I stopped falling in love @ 2:45 PM

Y



Tuesday, September 27, 2005

i've had a couple of good laughs tonight.

with boey:
me: stop hitting me! pain! =walks out of courts=
then boey lean against the railing, looking down at the center region.
me: get lost lah, your ass is blocking the way.
hehe...funny?

at mothercare still with boey:
boey: there, the baby shoes are over there.
me: woah so cute leh...u see this blue one...
boey: i tot u were gonna point out the pink ones.
me: aiya u looking for fernell, he is a boy wah! anyway stop looking lah...just makes me wanna be a mommie too.

on the train:
huisin: jolene!!!!!!! long time no see...i didn't see you leh...my bf noticed you.(her bf was from our secondary school)
me: haha of coz lah...ur face was buried in his chest the whole time, where got time to notice ur surroundings?
ok i was suaning her in a fun way...keep ur nasty comments to urself if u can't understand our joke.

at home:
was watching america's next top model while eating dinner.
mummy: eh xiao mei ah, didi sleep liao mah?
mei mei: sleep liao lah. u dun wanna sleep ah?!
mummy: i watching america's next top model.
mei mei: dun day dream lah you!!!
i nearly choked on my food. haha...and mummy blushed!


so once again, i got stared at by guys. quite weird leh...u guys not embarrassed when u stare at a lady and she noticed you staring and stares back at you? i dunno wats wrong with these men.

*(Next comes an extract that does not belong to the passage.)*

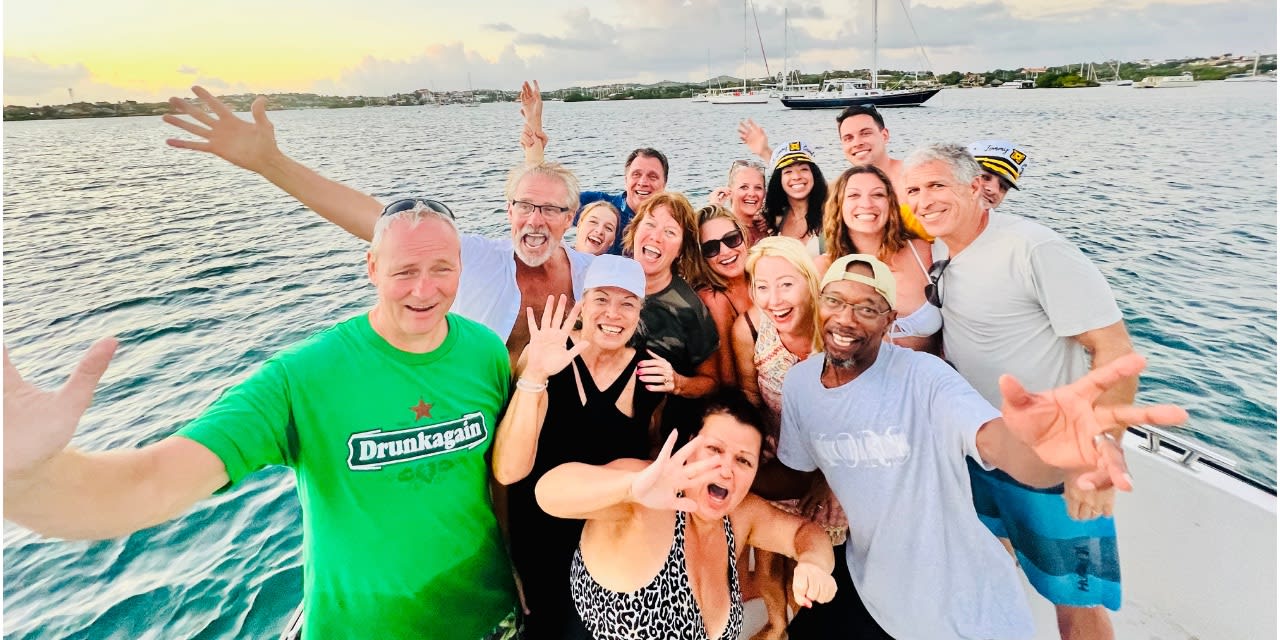 Tommy Coconut family and guests enjoying the Dushi Life together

i was waiting for the train to approach when this indian man was staring directly at my you-know-where and scratching his you-know-what. i was so disgusted i stared back at him. he was quite taken aback by my fierce stare and stopped scratching. then i couldn't be bothered with him coz i saw huisin and we started yakking.

and who knows now the route while walking home is no longer stares-free? this stupid guy, he was staring at my face with his big big eyes and he looks as if he wanna eat me up. and he walked so close to me. yucks.

wheee! my room is still neat! hee~


I stopped falling in love @ 12:12 AM

Y



Sunday, September 25, 2005

To our beloved xiao an!!!!!

wo hen xiang ni..ni zhi dao ma... hee...got miss me not?!

how have you been? been reading my blog huh? leave me a tag so that i know u are fine and well mah... and have u been a good boy?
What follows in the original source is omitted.